When it comes to wealth building and investing for retirement, there are two stages you will have to go through:
- Stage 1 – Wealth Accumulation
- Stage 2 – Wealth Preservation
Unless you have a filthy rich parent or a massive inheritance, you probably have to work our butt off to accumulate wealth before you can talk about wealth preservation. Naturally, we all want to somehow invest our money to give our retirement fund a boost. But what is a better to invest for retirement?
If you think about it, there are really only 3 ways you can accumulate wealth besides earning income from your work
- Invest in paper assets such as stocks and bonds
- Invest in properties
- Invest in a business
Any of the 3 ways can offer you financial freedom, but the most solid wealth is always built on top of all 3 of them. However, what I observed in the course of my work was that most people invest randomly.
- You may buy some stocks when your friends give you some “tips”
- You may attend a $4,000 course and be promised some “investment secrets”
- You may put your life savings into a “property investment scheme with little capital outlay”, or
- You may just diligently roll your fixed deposits whenever it expires
The problem is that you may have focused too much on what to invest. The secret of investing for retirement is not what you invest, but how you invest. You need to approach investment in a systematic way.
Over the years, I have developed a simple investment strategy which most people can use. The strategy is originated from investing in paper assets but the same philosophy can be applied in other areas of the wealth accumulation process. Let me share with you…

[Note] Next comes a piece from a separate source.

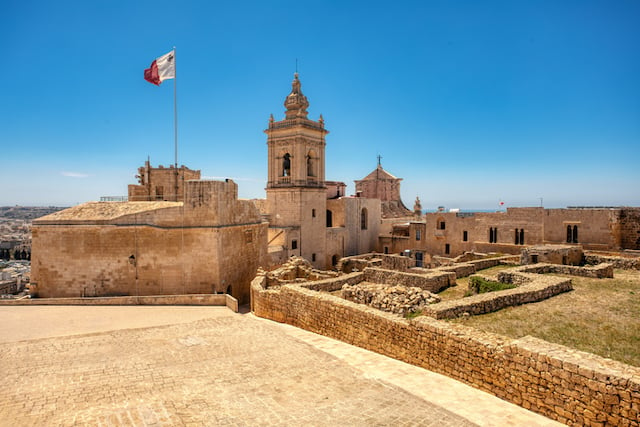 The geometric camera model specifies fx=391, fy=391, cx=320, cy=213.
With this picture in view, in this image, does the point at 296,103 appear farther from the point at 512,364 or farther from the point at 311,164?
the point at 512,364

Understanding your financial life stage
The common mistake people make is that they apply the wrong strategy without considering their financial life stage. To understand this, let’s go back to the two stages of wealth building process.
Stage 1 – Wealth Accumulation
It is a stage where you have to earn and invest at the same time. You do not have a lot of capital, but you have time as your friend. Your seemingly small monthly contribution to your financial freedom funds can turn into massive wealth if managed well.
At this stage, your aim is to generate as much return as possible, but without jeopardizing your current lifestyle should your investment goes sour.
At this stage, the danger is to follow blindly what is being promoted. For example, income investing has gained so much popularity and people just blindly follow without knowing why. If you think carefully, at this stage, income investing does not make much sense because you do not need the income anyway. What you need is to grow your wealth relentlessly.
Stage 2 – Wealth Preservation
At some point in time, you would have enough wealth to live a comfortable life. If you are able to turn your wealth into income generating assets to replace your needs of continuous cash inflow, you can declare your financial freedom and enjoy earlier retirement.
Unfortunately, because most of us spent decades to only “accumulate wealth”, you may not be prepared to handle wealth. There was a Chinese saying “it is difficult to conquer a country, but it is more difficult to protect the country.” It happens countless times that people who are in Wealth Preservation stage made one bad financial decision and turned back to the Wealth Accumulation stage, if not worse.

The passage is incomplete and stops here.